There’s no good reason for these pictures to be so scarce. Great directors have contributed to the genre. In Alfred Hitchcock’s 1955 dazzler To Catch a Thief, Cary Grant and Grace Kelly swerve and glide through the French Riviera in search of a jewel-snatching cat burglar. A later but no less stylish specimen is Norman Jewison’s The Thomas Crown Affair, with Steve McQueen as a wily, thieving millionaire and Faye Dunaway as an even sharper insurance investigator. The picture’s ’60s-luxe vibe–including a teasingly erotic chess game between the two stars–makes it pure pleasure to watch, though John McTiernan’s 1999 remake, with Pierce Brosnan and Rene Russo, is even better. In the updated version, the always-dashing Brosnan steals not money but a priceless Monet. Jewels and art always make for better visual movie totems than mere cash.
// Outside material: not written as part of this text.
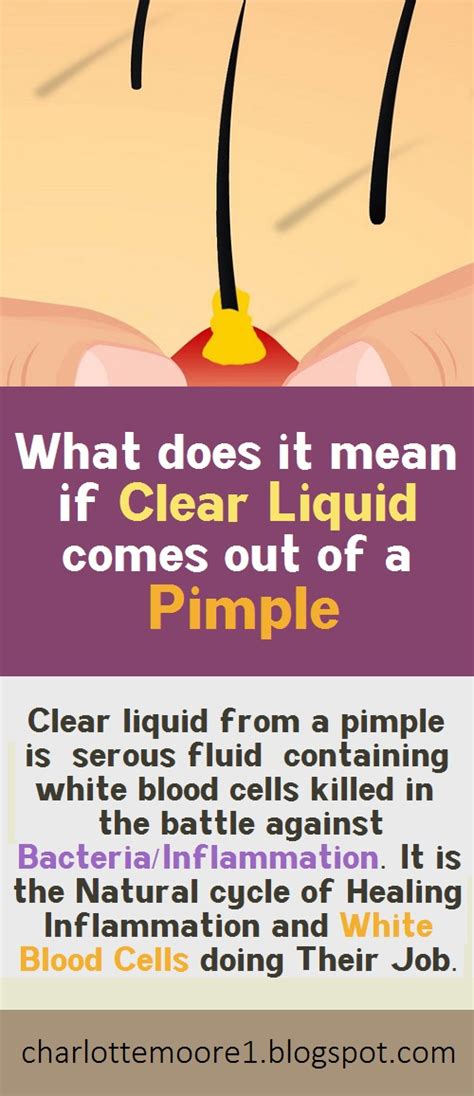 What is clear liquid coming out of pimple. Clear liquid: Clear liquid coming from a pimple is serous fluid which serves a lubricant and protection of body tissues. Picking pimples can cause serous infection ... Read More. Created for people with ongoing healthcare needs …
The element that truly distinguishes the glam caper from the ordinary heist movie–even great ones like Rififi (1955) or The Italian Job (from 1969, but remade, respectably, in 2003)–is the pronounced presence of women. In the 1999 Thomas Crown, Russo is both elegant and sensuous, but it’s her dusky wit that really makes the performance. More recently, in 2015, Alicia Vikander brought mod magnificence to Guy Ritchie’s The Man from U.N.C.L.E., based on the ’60s TV show. The picture, which also stars Armie Hammer and Henry Cavill as Cold War–era spies from opposite sides of the Iron Curtain, ticks off nearly all the necessary glam-caper boxes, including luxurious locales and good stunt driving. But as handsome and funny as the male leads are, it’s Vikander–with her voice a mingling of silk and smoke–who holds our attention.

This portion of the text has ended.